# PROBLEM
What you produce should be an exact transcription of the data, minus any pictures.

# SOURCE DATA

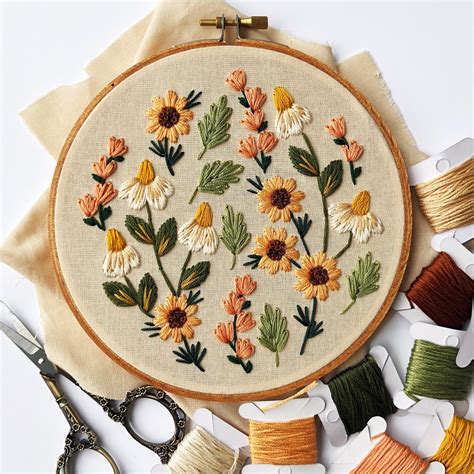 A Simple Summer Wildflower Embroidery Hoop R Embroidery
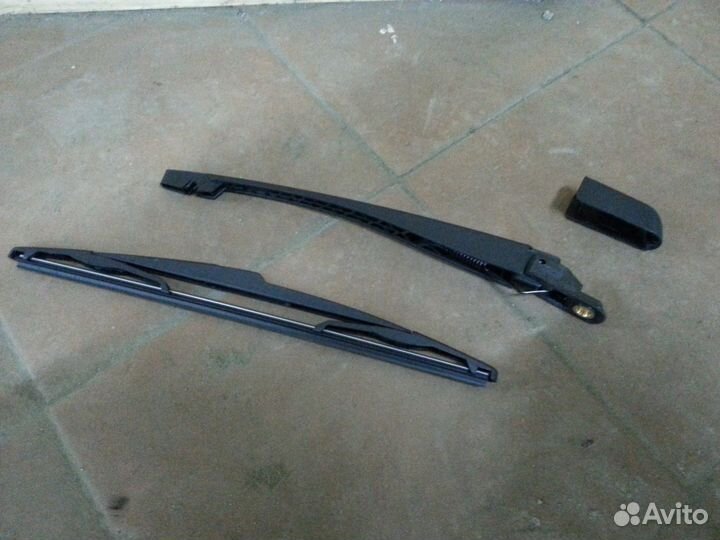 Поводок заднего стеклоочистителя Пежо 206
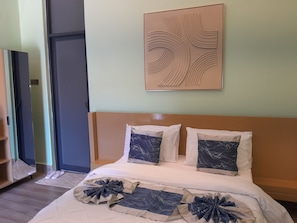 Desk, laptop workspace, free WiFi - IGAWILO RESIDENCE HOTEL (Dodoma)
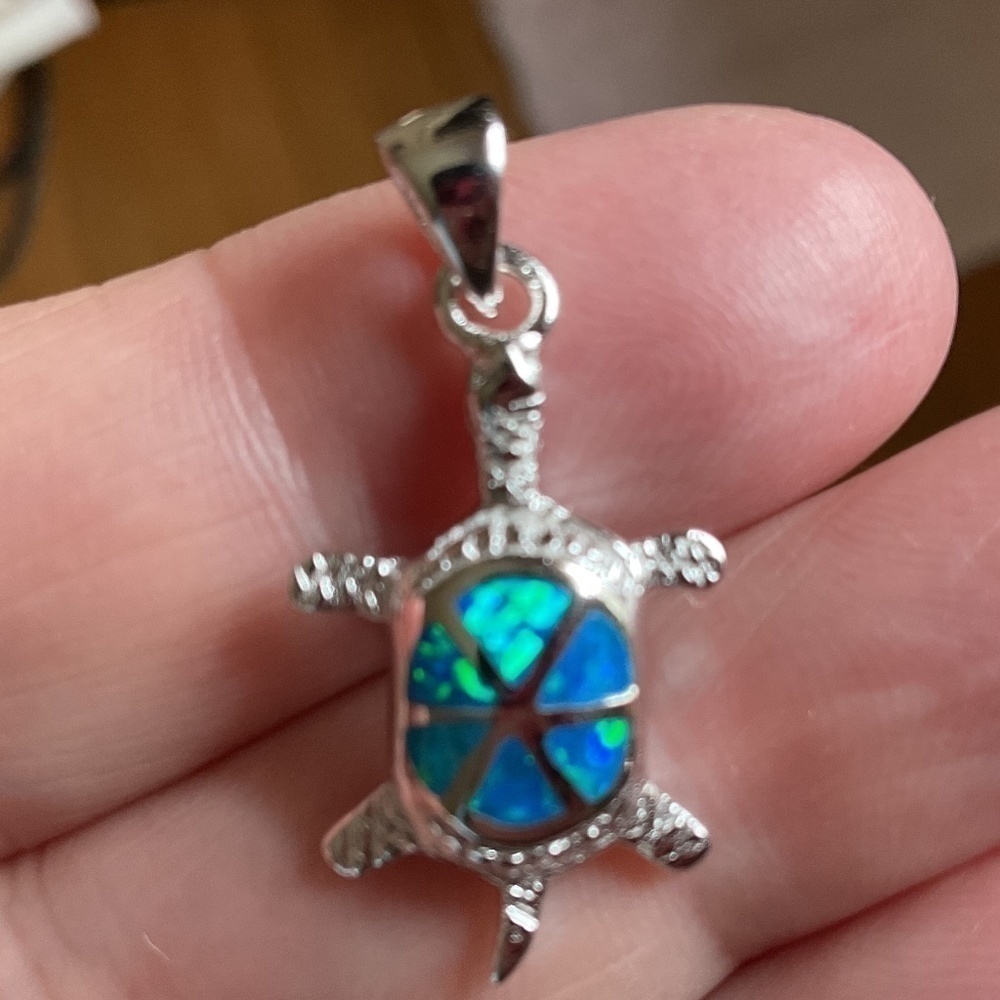 STERLING SILVER 925 BLUE AUSTRALIAN OPAL TORTOISE PENDANT​​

# ANSWER BOX
 A Simple Summer Wildflower Embroidery Hoop R Embroidery
 Поводок заднего стеклоочистителя Пежо 206
 Desk, laptop workspace, free WiFi - IGAWILO RESIDENCE HOTEL (Dodoma)
 STERLING SILVER 925 BLUE AUSTRALIAN OPAL TORTOISE PENDANT​​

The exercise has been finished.